Directors: Howard Hawks, Richard Rosson
Main Cast: Paul Muni, Ann Dvorak, Karen Morley, George Raft, Boris Karloff



"Scarface, based on Armitage Trail's novel of the same name is a potent, uncompromising portrait of the gangster life. While journalists often romanticized them, and many in the public made mobsters into folk heroes, director Howard Hawks' portrayal of the brutish and ambitious Capone-inspired titular character, played with terrific ferocity by Paul Muni (this movie made him a star, and it is easy to see why) is brutal and stark. The pre-noir gangster genre was in many ways defined by the innovative approaches taken by Hawks in Scarface. Tracking and dolly shots, relatively unknown at the time, contribute to the film's kinetic energy and excellent pacing. The expressionistic black-and-white cinematography by Lee Garmes is married to a screenplay (written by a team led by Ben Hecht) packed with symbolism as well as a rare combination of humor, sex, and violence. Paul Muni's portrayal of Al Capone surrogate Tony Camonte etched a screen original: a merciless assassin who's not only reflexively criminal but pre-civilised, almost pre-evolutionary, a simian shadow ready to rub out the world if he can't have it for his own. This extremely violent film (28 murders are recorded onscreen) also grafts a racy incest theme (Muni's character has Caligula-like feelings for his sister, played with remarkable sexual confidence by Ann Dvorak) onto the story line, resulting in considerable pressure from censors (the Motion Picture Producers and Distributors of America) coming to bear on the filmmakers (in this pre-Hays Production Code era).
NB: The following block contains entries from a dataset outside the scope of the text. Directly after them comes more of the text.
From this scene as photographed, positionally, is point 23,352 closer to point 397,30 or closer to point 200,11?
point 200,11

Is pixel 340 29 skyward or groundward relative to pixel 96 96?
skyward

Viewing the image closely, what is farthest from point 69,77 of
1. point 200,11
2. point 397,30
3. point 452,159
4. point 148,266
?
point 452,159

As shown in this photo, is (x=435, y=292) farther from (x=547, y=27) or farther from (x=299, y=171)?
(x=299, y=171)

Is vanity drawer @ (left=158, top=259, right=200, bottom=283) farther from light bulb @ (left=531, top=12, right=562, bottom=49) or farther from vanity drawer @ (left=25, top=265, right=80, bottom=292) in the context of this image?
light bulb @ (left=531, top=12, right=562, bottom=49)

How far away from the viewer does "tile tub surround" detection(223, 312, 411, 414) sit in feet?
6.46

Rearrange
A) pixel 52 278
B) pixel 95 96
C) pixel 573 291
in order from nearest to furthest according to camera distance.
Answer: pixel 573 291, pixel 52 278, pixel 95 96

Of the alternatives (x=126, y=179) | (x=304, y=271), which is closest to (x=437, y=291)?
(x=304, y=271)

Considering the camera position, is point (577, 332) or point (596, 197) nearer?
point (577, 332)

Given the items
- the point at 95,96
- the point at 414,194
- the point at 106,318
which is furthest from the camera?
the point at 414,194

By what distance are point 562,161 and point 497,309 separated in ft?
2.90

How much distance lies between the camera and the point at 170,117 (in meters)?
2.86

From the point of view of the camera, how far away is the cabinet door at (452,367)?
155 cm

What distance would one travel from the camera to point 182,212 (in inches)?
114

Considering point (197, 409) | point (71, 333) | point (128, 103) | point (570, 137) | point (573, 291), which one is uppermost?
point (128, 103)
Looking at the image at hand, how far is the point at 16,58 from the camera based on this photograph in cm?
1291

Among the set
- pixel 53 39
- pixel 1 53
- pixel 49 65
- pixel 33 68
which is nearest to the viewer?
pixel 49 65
Producer Howard R. Hughes couldn't release Scarface until he toned down some of the violence, reshot certain scenes to avoid libel suits, added the subtitle 'The Shame of the Nation' to the opening credits, and shoehorned in new scenes showing upright Italian-Americans banding together to wipe out gangsterism. This is still one of the greatest, darkest, most deeply exciting films American cinema has produced."